Application Spam Filtering

As a last resort, you can set up your own spam blocker with your email application’s built-in filter capability. However, be forewarned that this approach requires set-up and regular ongoing maintenance to remain effective enough to catch most of the spam sent your way. At the same time, it is an option under your control and provides a countermeasure if you don’t have other choices.

When reading spam email to obtain keywords to create application level filters, remember to keep your Internet connection turned off or firewall locked so that images in the email don’t display and broadcast your address availability back to the spammers (fortunately some email applications like Thunderbird have this protection built-in). The following guidelines describe how to set up application-level spam filters:

  • Mailbox. Create a special mailbox called “Junk-filter”, or something similar, into which you will direct the filtered mail instead of deleting it. Then every once in awhile scan the junk mailbox to gauge the success of your filters and make sure no legitimate email is being trapped. You can also use this archive to help tune your filters as described under Selection below.
  • Guards. Most email programs have the capability to create a set of “guard filters” that greatly trap known addresses to reduce the potential of filtering legitimate email by mistake. If you application has the capability you should set these up first, and add a new guard every time you add a new address to your address book.

    At the top of the filter list, so they fire before all the others, create a set of guard filters to recognize the email addresses of your friends, family, and current mailing lists. The corresponding action should be called “skip the rest” or equivalent. Any email from usual correspondents will then be kicked out of the filter engine as soon as they are recognized and will not be examined by the rest of the spam filters, thereby greatly reducing false positives and the chance of legitimate email being filtered by mistake.

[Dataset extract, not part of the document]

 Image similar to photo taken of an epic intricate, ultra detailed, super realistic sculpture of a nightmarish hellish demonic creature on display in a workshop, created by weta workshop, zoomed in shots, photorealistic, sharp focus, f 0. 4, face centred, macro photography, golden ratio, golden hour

  • Filters. Now you are ready to set up a set of filters to recognize common spam keywords and then transfer the email into the Junk-filter mailbox. First set up an initial set of filters based on the spam you have been getting most recently, and constructed to trap the most common spam keywords and phrases. Some examples are listed below:
    • Subject contains “mortgage” and
      Subject contains “loan”
    • Subject contains “medication” and
      Subject contains “free shipping”
    • Body contains “remove me” and
      Body contains “click here”
  • Maintenance. After you set up your initial set of filters, monitor the spam you still receive and add a couple of rules each time you check your mail to continually increase the efficiency of your filter engine. Add a few rules each time to catch the most common examples still making it through the filter engine. Over time, the amount of spam that makes it through will become less and less, and will be of increasingly unusual nature (ex: weird subject lines) that they will be easily recognizable as spam by the human eye and easily deleted.
  • Selection. There are two basic goals when drafting a spam filter: make the rule broad enough to be effective at catching spam, and make the rule specific enough to avoid trapping legitimate email by mistake. The following guidelines assist in creation of good spam filter rules:
    • Tuning. You can occasionally go through your trash, which consists largely of spam you had to delete manually, sort the mailbox by subject, and look for common patterns and keywords. You can then create a few new filters to catch similar email, fine-tuning your engine to catch more of the spam that have been escaping your filter engine.
    • Efficiency. If you wonder if a rule is worth creating, you can use the filter mailbox as a useful archive to test the rule. Search the spam mailbox for the filter condition you are considering. If none (or very few) of the spam you’ve so far received match the condition, the rule is probably ineffective and not worthwhile.
    • Safety. Always use guard rules as described above to minimize the chance of trapping legitimate email. However, you still want to remain accessible to the world and new correspondents. If you wonder if a rule is too broad and might catch legitimate email by mistake, then you can search your existing mailboxes for the filter condition. If one or more legitimate email you’ve already received matches the condition, the rule is probably too broad and needs to be made more spam specific by adding keywords or conditions.
    • Fields. With most email applications, filters can target the sender, subject, message body, and other fields. However, because most fields can be faked, the subject and message body are the best for spam filters.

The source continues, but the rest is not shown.